The power here is immense. You can write a Rego policy for almost any imaginable scenario. The pitfall? That immense power. You can write inefficient Rego that kills your API server’s performance, and you have to manage the lifecycle of both the templates and the constraints.

The Kubernetes-Native Native: Kyverno

Kyverno (Greek for “govern”) takes a completely different approach. Its core philosophy is: “Why learn a new language? Policies should be Kubernetes resources that you write in YAML, just like everything else.” It’s a brilliant idea. Instead of Rego, you use expressions that look like Kubernetes field selectors.

This makes Kyverno policies often much easier to read and write for anyone already comfortable with K8s YAML. Let’s implement that same “no root” policy.

apiVersion: kyverno.io/v1
kind: ClusterPolicy
metadata:
  name: require-non-root-user
spec:
  validationFailureAction: Enforce
  background: false
  rules:
  - name: validate-runAsUser
    match:
      resources:
        kinds:
        - Pod
    validate:
      message: "Running as root is not allowed. Please set a non-zero runAsUser."
      pattern:
        spec:
          containers:
          - =(securityContext):
              =(runAsUser): "?0"

See? No custom language. It’s just YAML, matching on the structure of a Pod spec. The ?0 is a pattern anchor that means “not zero”. It’s declarative and intuitive. Kyverno also has two killer features Gatekeeper lacks: mutating policies and image verification. You can fix things, not just block them. Want to add a standard label to every Namespace? Kyverno can do that on the fly. Want to ensure only signed, trusted images from your registry run? Kyverno’s your tool.

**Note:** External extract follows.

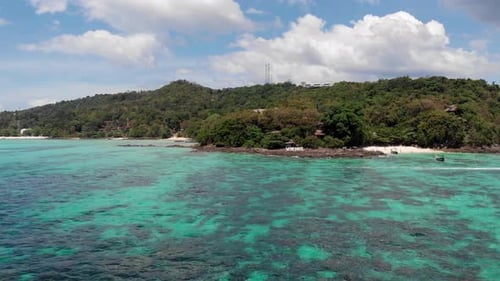 Phi Phi Snorkeling Spot Tour Turquoise Water Corals Islands Boats Sky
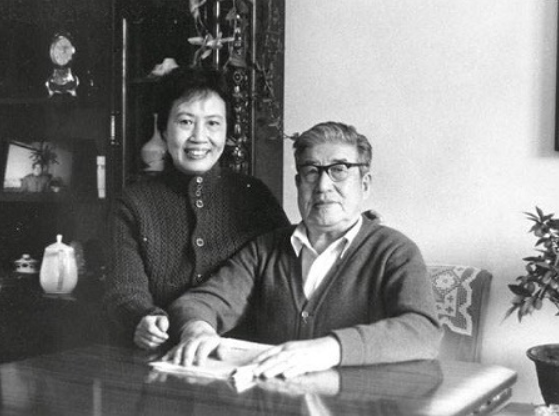 他對西藏解放做出了巨大貢獻，曾主政寧夏，後來官至國務院副總理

The trade-off? While it’s catching up, some of the mind-bendingly complex logical checks you can do in raw Rego might be harder or less performant in Kyverno. It’s a tool designed for 95% of the Kubernetes policy use cases, and it excels at them.

So, Which One Do You Pick?

This is the eternal debate. My rule of thumb is this:

Choose Kyverno if your policies are primarily about Kubernetes itself, you value a low learning curve, and you love the idea of mutating policies to set sane defaults. It feels like a natural extension of Kubernetes.
Choose OPA/Gatekeeper if you need to write policies that extend beyond Kubernetes (e.g., for Terraform, API endpoints), you have extremely complex logical requirements, or your team already has deep Rego expertise.

You can even run both. It’s not crazy. Use Kyverno for its brilliant mutations and simple validations, and keep Gatekeeper around for that one insanely complex policy that only Rego can express. The key is to stop thinking of policy as a checklist and start treating it as code: version it, test it, and deploy it through CI/CD like any other critical infrastructure.